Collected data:
###

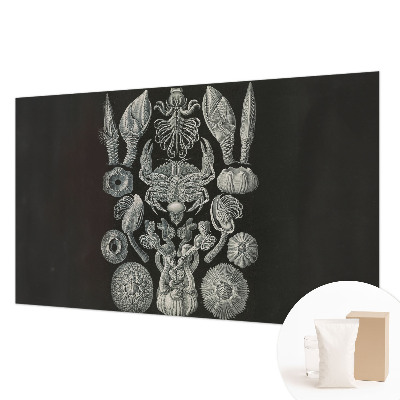 Aukštos kokybės fototapetas Povandeninis formuotojas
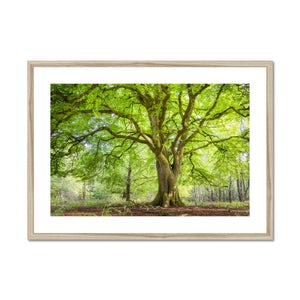 Emerald canopy forest scene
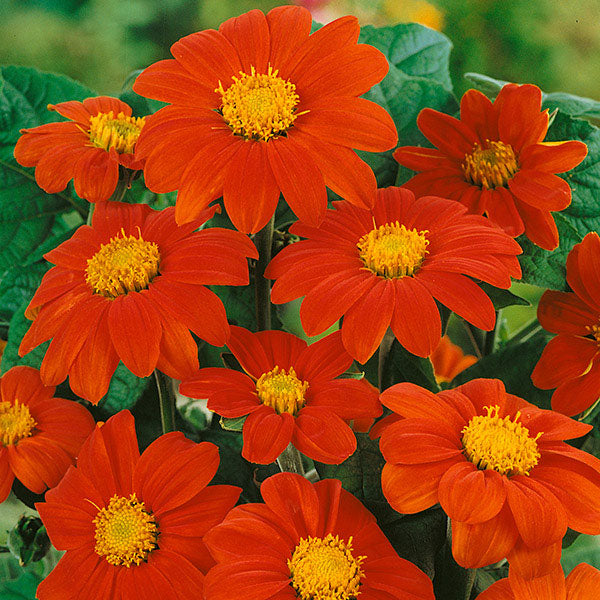 Tithonia Torch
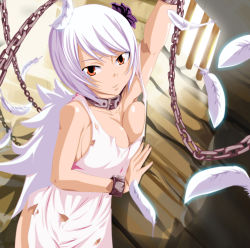 Rule 34 | 1girl, angel wings, bad deviantart id, bad id, barred window, breasts, brown eyes, chain, cleavage, collar, collarbone, cuffs, fairy tail, feathers, flower, flower on head, grimm6jack, hair flower, hair ornament, handcuffs, highres, large breasts, looking at viewer, open mouth, parted lips, prison, prison cell, prisoner, shackles, short hair, solo, torn clothes, vitor domingos cardoso ferreira, white hair, wings, yellow eyes, yukino aguria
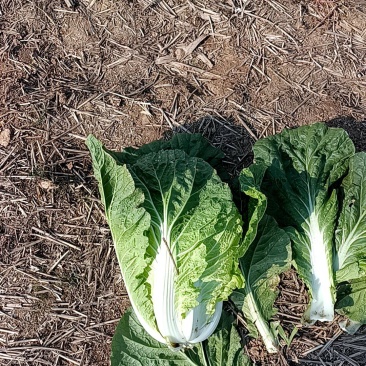 兰陵大白菜上市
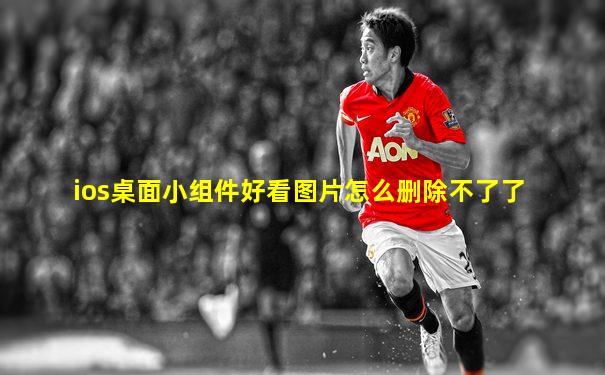 ios桌面小组件好看图片怎么删除不了了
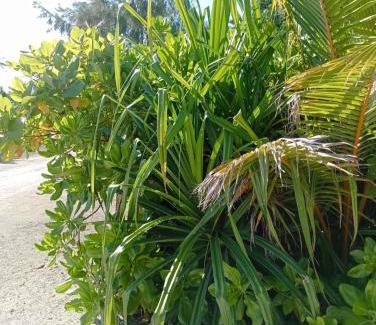 Fiyoari Island Apartment | Udhares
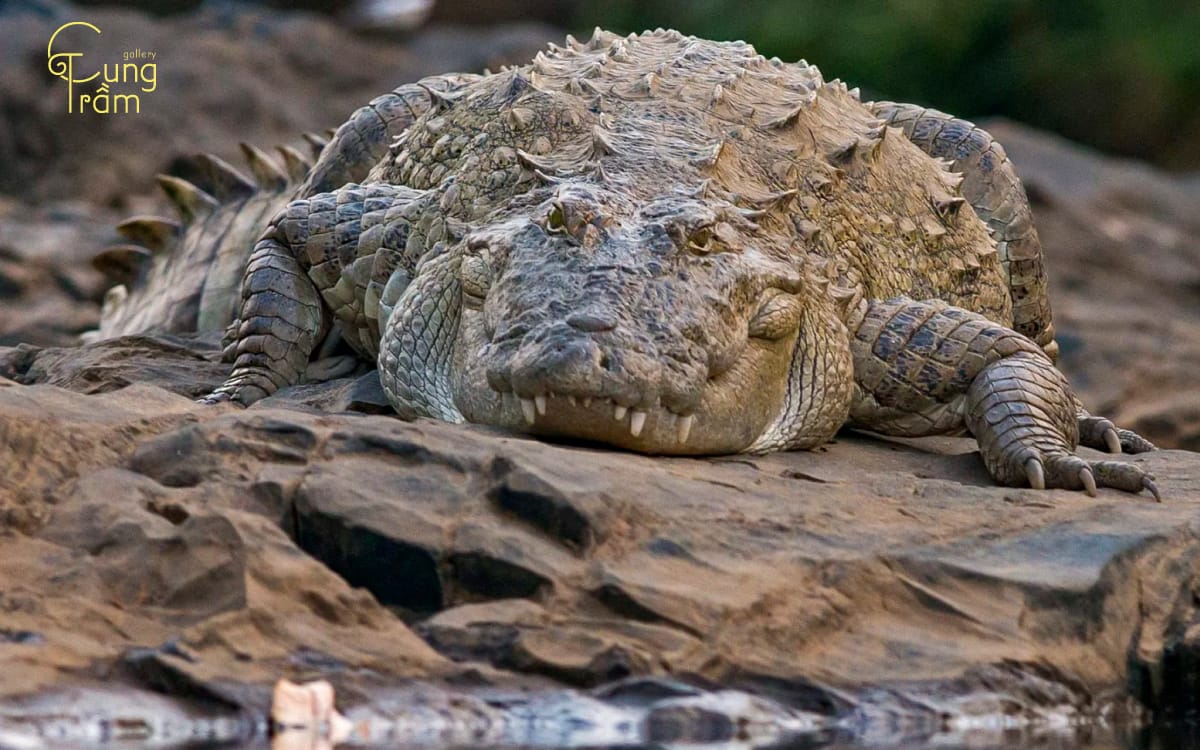 Nằm mơ thấy cá sấu cắn là điềm gì? Dự báo điềm lành hay dữ?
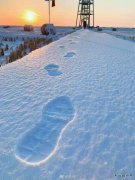 足/xiezuozazhi/2025/0118/＃ㄉ阌白髌罚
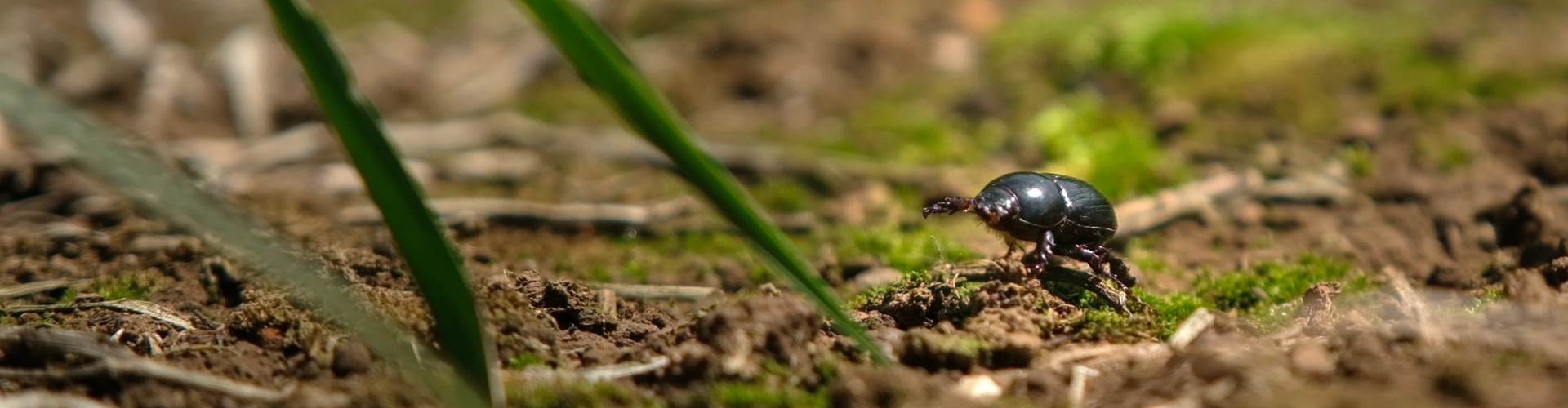 african black bettle walking through ryegrass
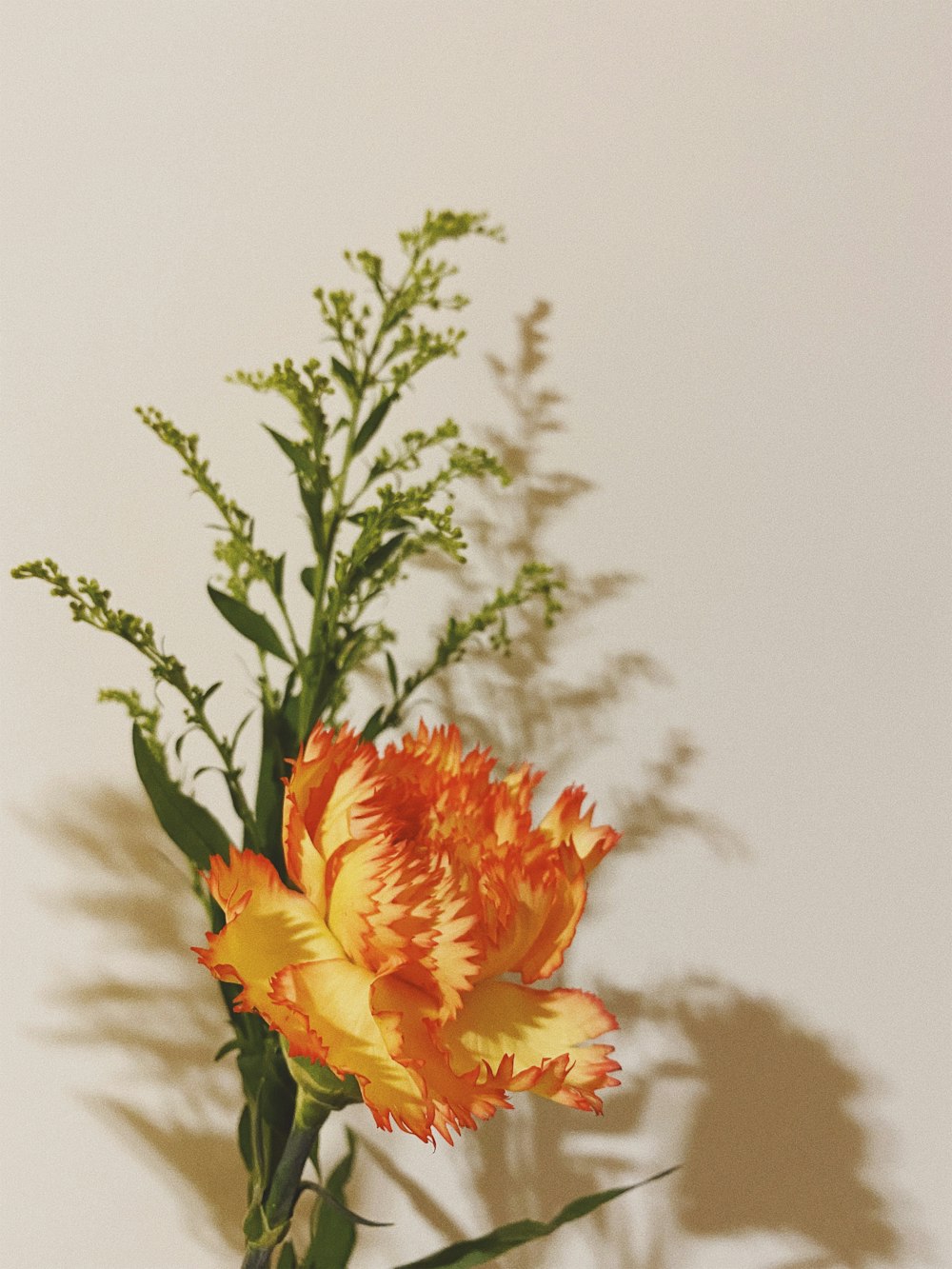 yellow and red flower in close up photography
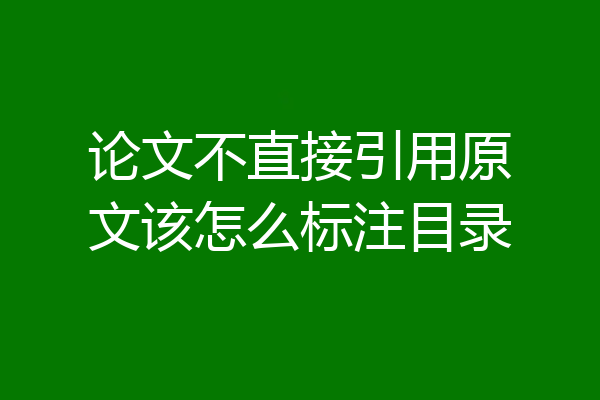 论文不直接引用原文该怎么标注目录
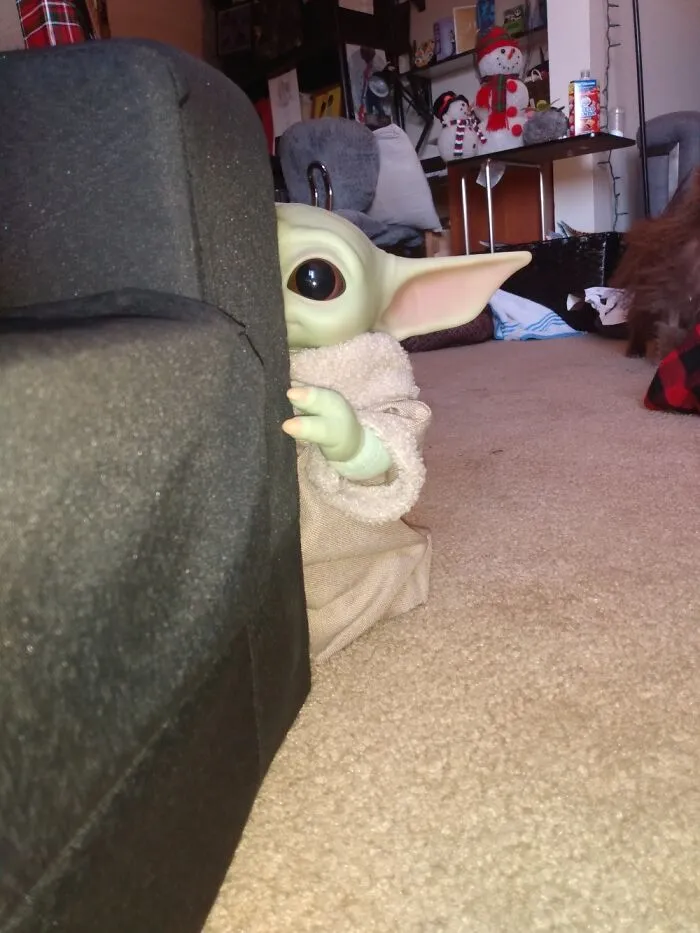 I See You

###

Directions:
A word-for-word copy of the records is needed, with no pictures carried over.

Exercise solution:
 Aukštos kokybės fototapetas Povandeninis formuotojas
 Emerald canopy forest scene
 Tithonia Torch
 Rule 34 | 1girl, angel wings, bad deviantart id, bad id, barred window, breasts, brown eyes, chain, cleavage, collar, collarbone, cuffs, fairy tail, feathers, flower, flower on head, grimm6jack, hair flower, hair ornament, handcuffs, highres, large breasts, looking at viewer, open mouth, parted lips, prison, prison cell, prisoner, shackles, short hair, solo, torn clothes, vitor domingos cardoso ferreira, white hair, wings, yellow eyes, yukino aguria
 兰陵大白菜上市
 ios桌面小组件好看图片怎么删除不了了
 Fiyoari Island Apartment | Udhares
 Nằm mơ thấy cá sấu cắn là điềm gì? Dự báo điềm lành hay dữ?
 足/xiezuozazhi/2025/0118/＃ㄉ阌白髌罚
 african black bettle walking through ryegrass
 yellow and red flower in close up photography
 论文不直接引用原文该怎么标注目录
 I See You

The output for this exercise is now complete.